= Required work =
Repeat the data in full and exactly. Leave the pictures out.

- - - -

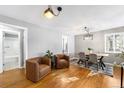 Bright living room featuring hardwood floors, stylish chairs, and modern lighting at 2610 Poplar St, Denver, CO 80207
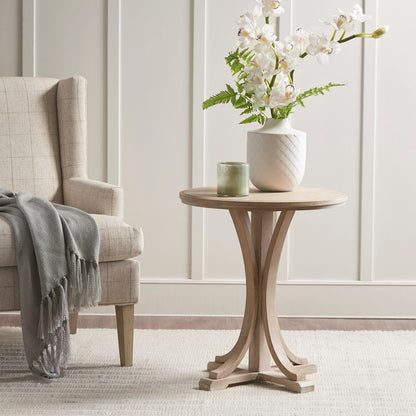A rustic ash veneer round accent table in reclaimed wheat sits next to a beige armchair with a gray throw, topped with a green candle and white orchid vase, on a light rug before a white paneled wall.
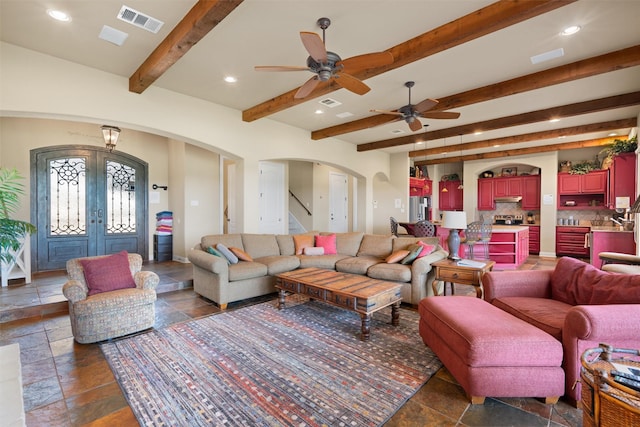 1017 Coventry Rd, Spicewood, TX 78669 - living area featuring arched walkways, stone tile flooring, beam ceiling, french doors, and ceiling fan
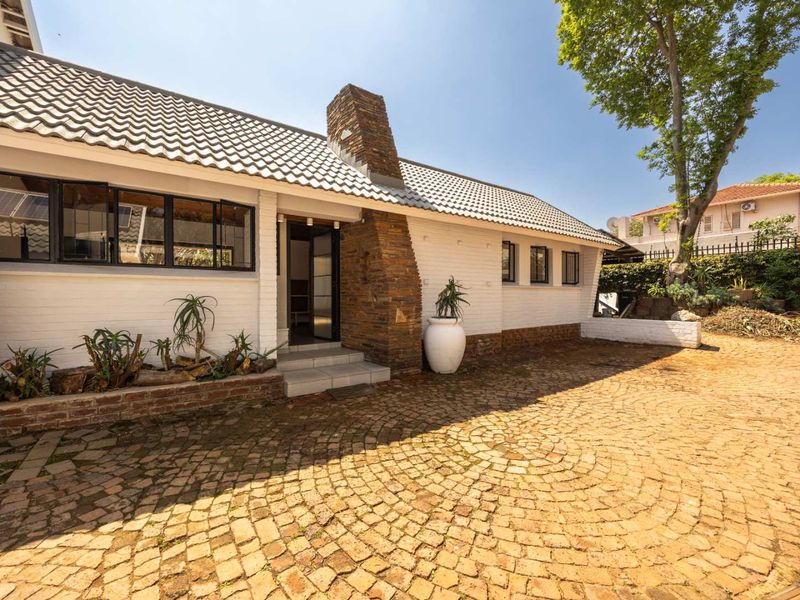 Rear exterior view featuring a distinctive stone-clad chimney, tiled roof, and extensive cobblestone paving leading to the home entrance.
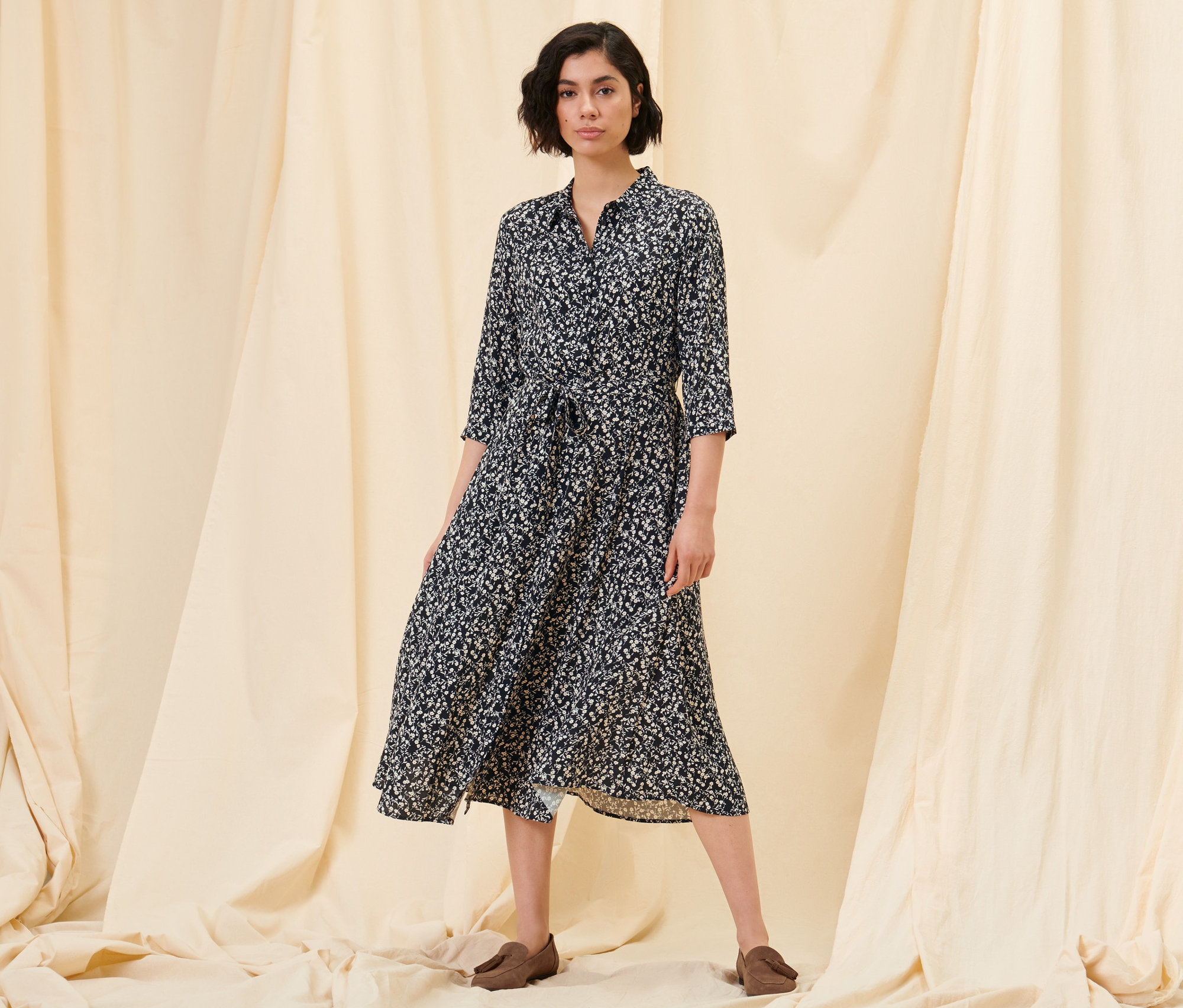Frau posiert in einem floralen Hemdblusenkleid und Loafern aus Veloursleder.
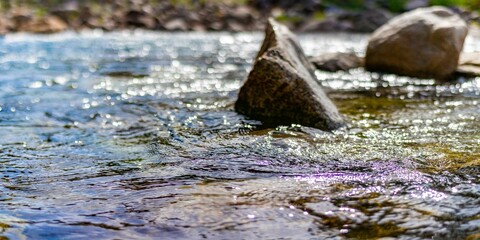 Closeup of a flowing rocky river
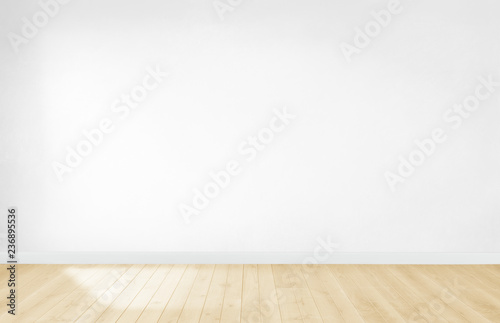 White wallpaper in an empty room with wooden floor © Rawpixel.com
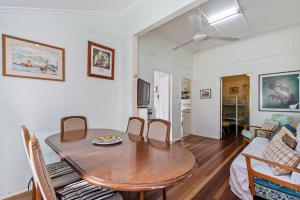 a dining room and living room with a table and chairs at Choongurra in Noosaville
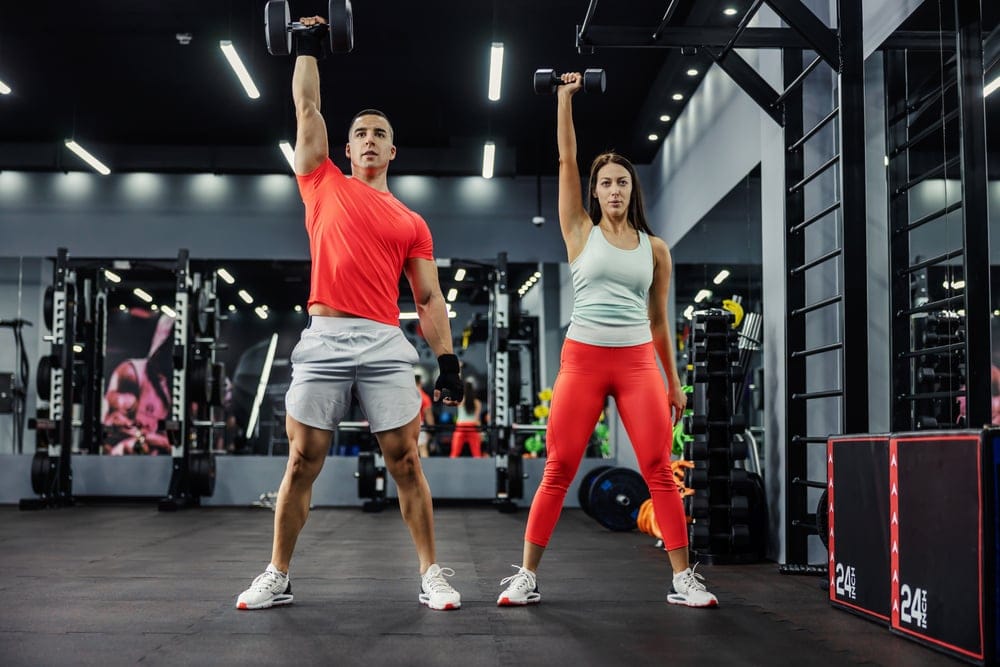 Man and woman in th gym.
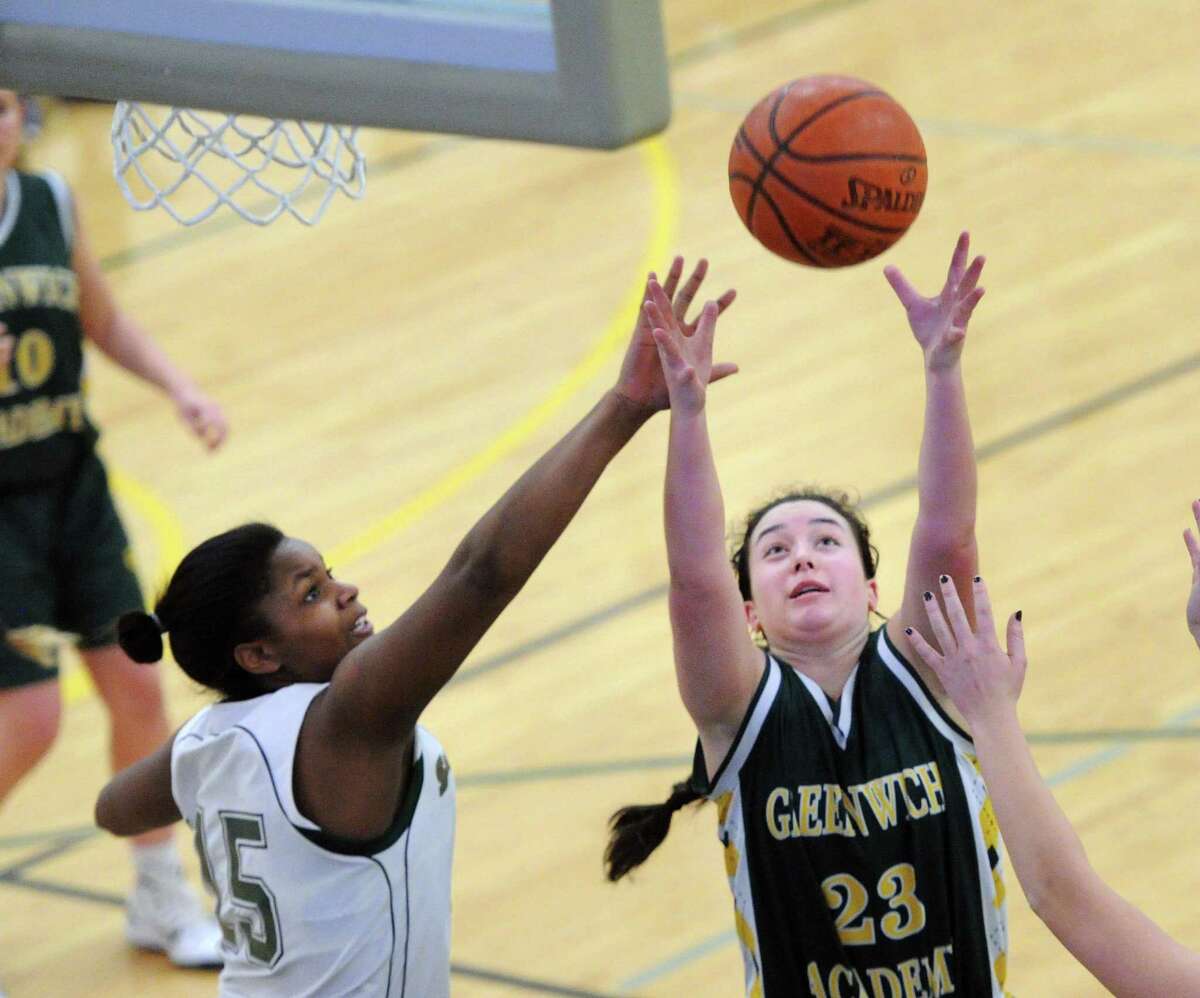 Sacred Heart’s Laura Holland, left, battling for a rebound with Casey Gottlieb of Greenwich Academy in a Feb. 23 game, will serve as a co-captain for the Tigers this season.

- - - -

= Solution to the problem =
 Bright living room featuring hardwood floors, stylish chairs, and modern lighting at 2610 Poplar St, Denver, CO 80207
A rustic ash veneer round accent table in reclaimed wheat sits next to a beige armchair with a gray throw, topped with a green candle and white orchid vase, on a light rug before a white paneled wall.
 1017 Coventry Rd, Spicewood, TX 78669 - living area featuring arched walkways, stone tile flooring, beam ceiling, french doors, and ceiling fan
 Rear exterior view featuring a distinctive stone-clad chimney, tiled roof, and extensive cobblestone paving leading to the home entrance.
Frau posiert in einem floralen Hemdblusenkleid und Loafern aus Veloursleder.
 Closeup of a flowing rocky river
 White wallpaper in an empty room with wooden floor © Rawpixel.com
 a dining room and living room with a table and chairs at Choongurra in Noosaville
 Man and woman in th gym.
 Sacred Heart’s Laura Holland, left, battling for a rebound with Casey Gottlieb of Greenwich Academy in a Feb. 23 game, will serve as a co-captain for the Tigers this season.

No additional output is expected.